Over the weekend I watched Real Madrid and Barcelona play. Alex Song was on the bench during Barcelona's 2-1 win. Seeing the lad, I couldn't help but wonder; no matter how good a footballer you are, you need some time to settle into your new surroundings.
So I thought of the lad learning Spanish, then I realized Fabregas played for Arsenal, Pique played for Manchester United and Mascherano played for Liverpool. Alex Song wasn't a stranger after all.
Then I thought of Luka Modric at Real Madrid. He can't speak a word of Spanish and nobody speaks Croatian in Real Madrid. So how does he settle in? Common knowledge of the Premier League- That's how. Alvaro Arbeloa and Alonso played in Liverpool while Cristiano Ronaldo was at Manchester United and Ricardo Carvalho was at Chelsea.

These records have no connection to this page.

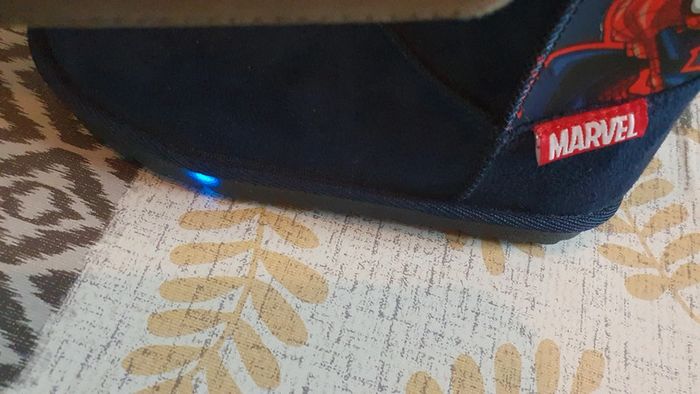 Bottines Marvel Spiderman taille 32 les semelles s'illumine - photo numéro 5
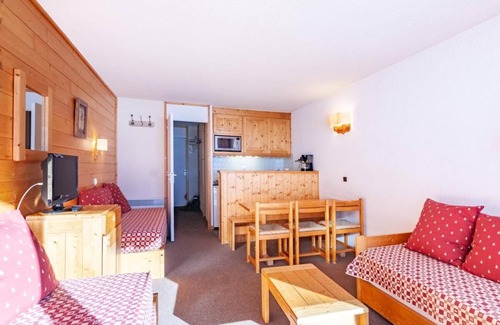 Meribel-Mottaret Apartment | 150m from shops, 3rd floor, view ski slopes, balcony, tv, ski locker, 36m², Méribel-Mottaret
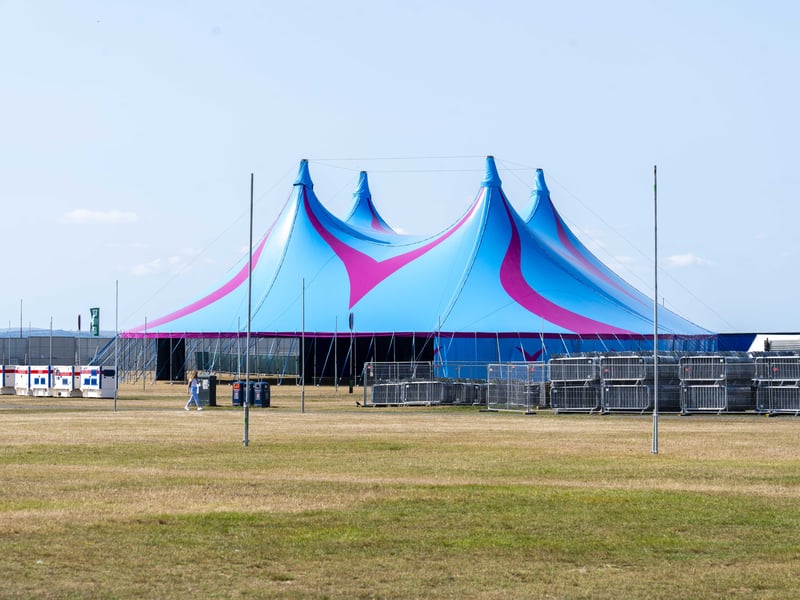 With less than a week to go, the Victorious site is starting to take shape.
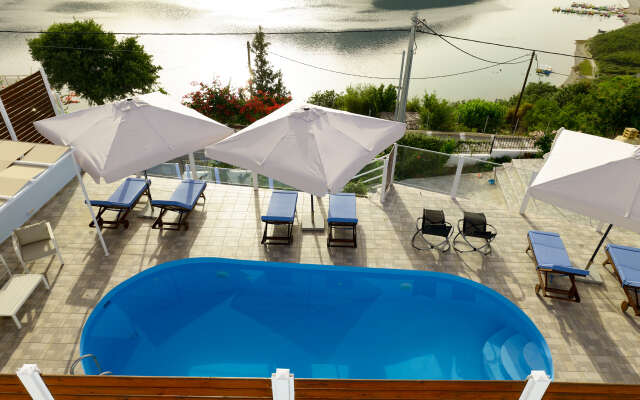 Lake View Suites Hotel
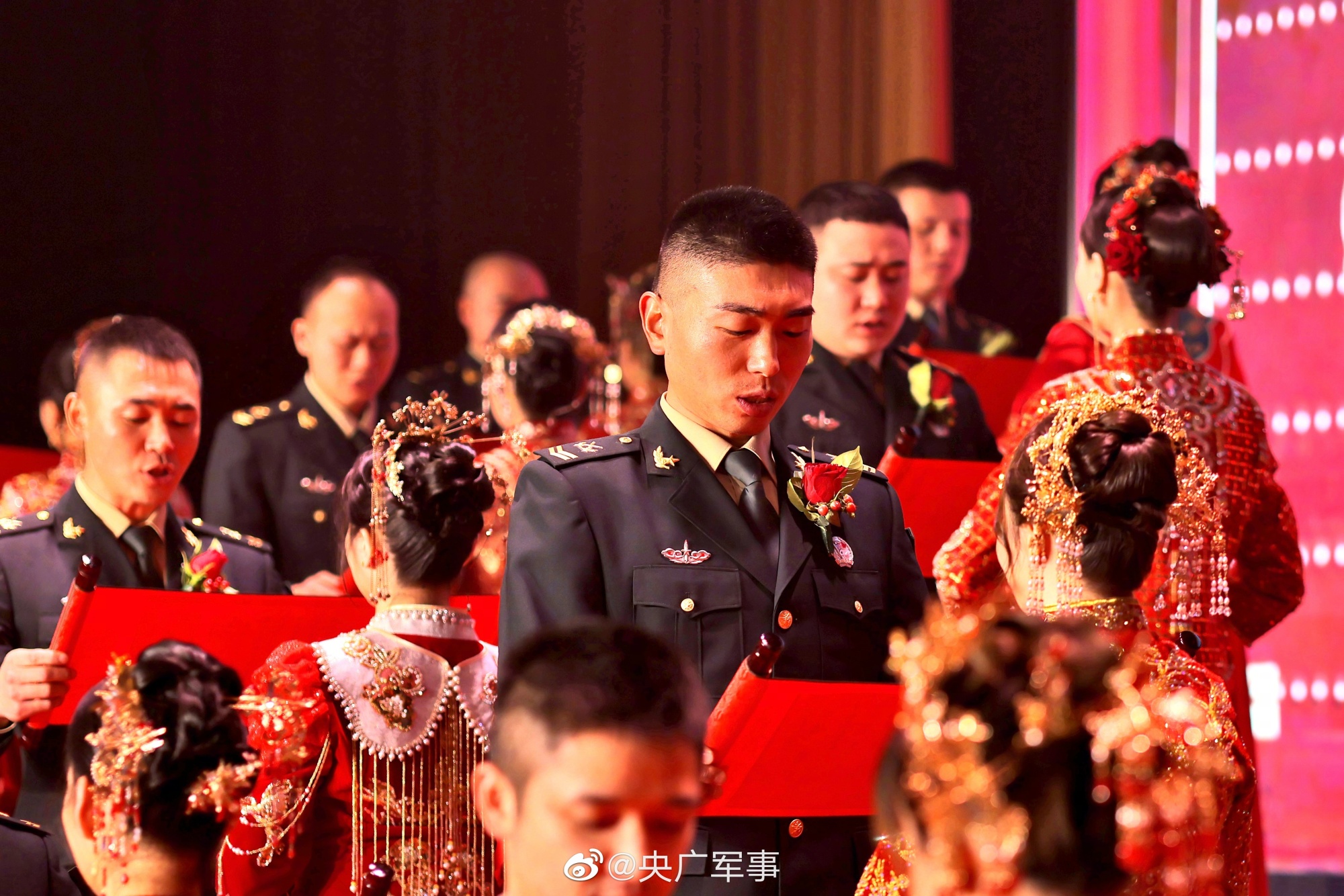 秀禾邂逅军装!火箭军官兵中式集体婚礼好浪漫_央广网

Let's concentrate on the Spanish allies only, Xabi Alonso, Fabregas, Pique and Arbeloa are first choice players in the all-dominating Spanish National side, and they all played in England before.
Apart from Fabregas, the rest tasted Champions League glory before going back to Spain. And this is the problem with the England National side. Either English players are good only for the EPL or they aren't good enough to attract scouts in Spain, Italy and Germany.
When France won the World Cup in 1998 and Euro 2000 it was largely thanks to its foreign brigade. Even Stephan Guiv'arch (top scorer of French League in 1998) was not always in Les Bleus starting 11.
Same with Spain in Euro 2008, World Cup 2010 and Euro 2012 where they employed the foreign brigade we identified earlier, mixed with those like Xavi, Iniesta, and Casillas who have never left Barcelona or Madrid.
There is definitely a Latin football style as practiced by Spain and Portugal. There is an Eastern School practiced by former Warsaw Pact countries and a Central European Style (France, Germany, Italy etc. - 8 World Cups won). Two South American currents led by Uruguay (tough) and Brazil (fluid) have won 8 World Cups too. I find it hard to classify the English because they entertain! Because they got pace!
When England last bragged at the World Cup (Semi-Finalists Italia 1990), Chris Waddle played for Olympique de Marseille in France, Gary Lineker played for Barcelona (1986-1989), David Platt went on to play for Bari, Juventus and Sampdoria, Paul Gascoigne for Lazio and Trevor Steven for Olympique de Marseille.
At this rate England will never have a chance at re-inventing football; even the mighty Brazil (5 World Cups) counts on a foreign core. That foreign contingent brings home what the local league lacks and without them, what you get is England 11.
Gerrard, Hart, Welbeck, Lescott, Richards, Sturridge are world class but they bring nothing new to England 11. Along with them is the overrated bunch led by Andy Carroll. Until England develops exportable talent like the French, Belgian, Japanese and Brazilian sides do ... the England 11 will always be a third tier team.